2 The Turing meaning: what Turing machines do—a formal, mathematical notion of effective procedure. Broader than (1), but still anchored to a specific abstract machine model. Under the Church–Turing thesis, this captures all effectively computable functions.
3 The dynamical meaning: coarse-grained isomorphism between dynamical systems. This is the mathematically natural definition, and it subsumes both (1) and (2) as special cases. Under digital physics and the physical Church–Turing thesis, (2) and (3) coincide completely: every physical dynamics is Turing-computable, and every Turing computation is a physical dynamics.

When a philosopher or neuroscientist says "consciousness is not computation," they usually mean (1)—and they are right that consciousness is not merely symbol shuffling. When a mathematician hears "computation," they mean (2) or (3). The resulting debate generates more heat than light, because both sides have valid intuitions but are talking past each other about a mathematical term.

The fix is simple: define your terms. Once you do, the debate reframes itself productively. The question is not whether brains compute—they do, because they are dynamical systems whose dynamics are computable. The question, which researchers like Godfrey-Smith and Seth are already pursuing with great skill, is what they compute, how compressively, and to what end.

Those are the questions worth asking. And once we agree on the terminology, I suspect we will find that the biological naturalists and the computational theorists are much closer to each other than the current framing suggests.

References

Godfrey-Smith, P. (2026). "Studies on animal minds suggest consciousness is not computation." Institute of Art and Ideas.

Seth, A.K. (2025). "Conscious artificial intelligence and biological naturalism." Behavioral and Brain Sciences.

Ruffini, G. (2007).

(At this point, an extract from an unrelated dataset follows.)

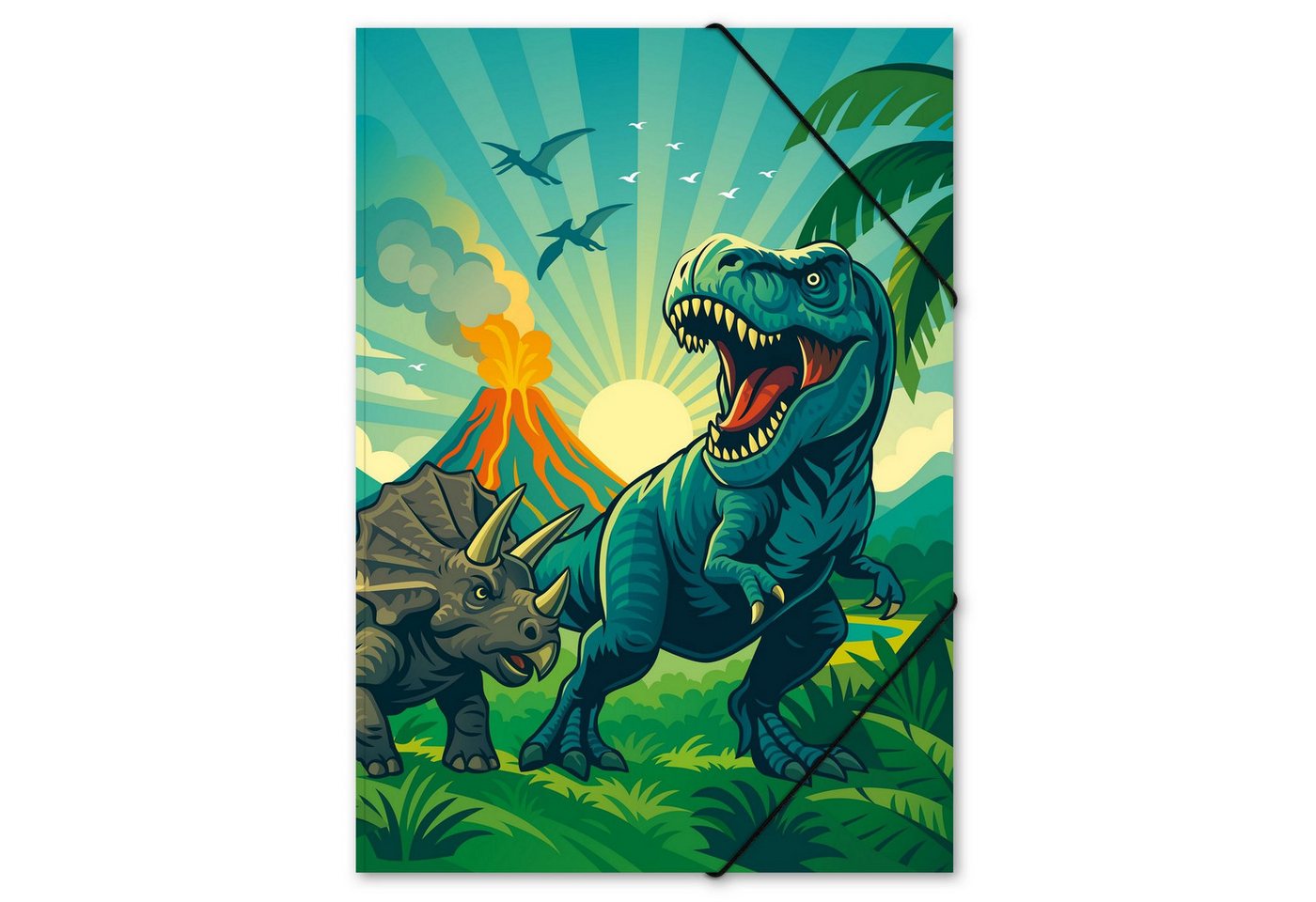 itenga Organisationsmappe ITENGA Gummizugmappe Zeichenmappe A3 PP Motiv Dinosaurier - DINO WORLD Bild 2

Information, complexity, brains and reality (Kolmogorov Manifesto). arXiv:0704.1147.

Ruffini, G. (2017). "An algorithmic information theory of consciousness." Neuroscience of Consciousness, 2017(1), nix019.

Ruffini, G. (2025). "Coarse-Grained Computation Between Dynamical Systems." Working Paper WP0049, Barcelona Computational Foundation.

Ruffini, G. (2025). "The Algorithmic Weltanschauung: Kolmogorov Manifesto (2025 update)." Working Paper WP0008, Barcelona Computational Foundation.

Ruffini, G. (2025). "Mathematical Foundations of the Algorithmic Agent." Working Paper WP0018, Barcelona Computational Foundation.

Ruffini, G. (2026). "The Algorithmic Regulator." P13, Barcelona Computational Foundation.

Ruffini, G., Lopez-Sola, E., Palma, R., Vohryzek, J., Castaldo, F. & Friston, K. (2025). "Cross-Frequency Coupling as a Neural Substrate for Prediction Error Evaluation: A Laminar Neural Mass Modeling Approach." bioRxiv, 2025.03.19.644090. (Accepted for publication.)

Wolpert, D. & Korbel, J. (2025). Dynamical-systems framework for physical computation.

Gandy, R. (1980). "Church's thesis and principles for mechanisms." The Kleene Symposium, 123–148.

Deutsch, D. (1985). "Quantum theory, the Church–Turing principle and the universal quantum computer." Proc. R. Soc. A 400, 97–117.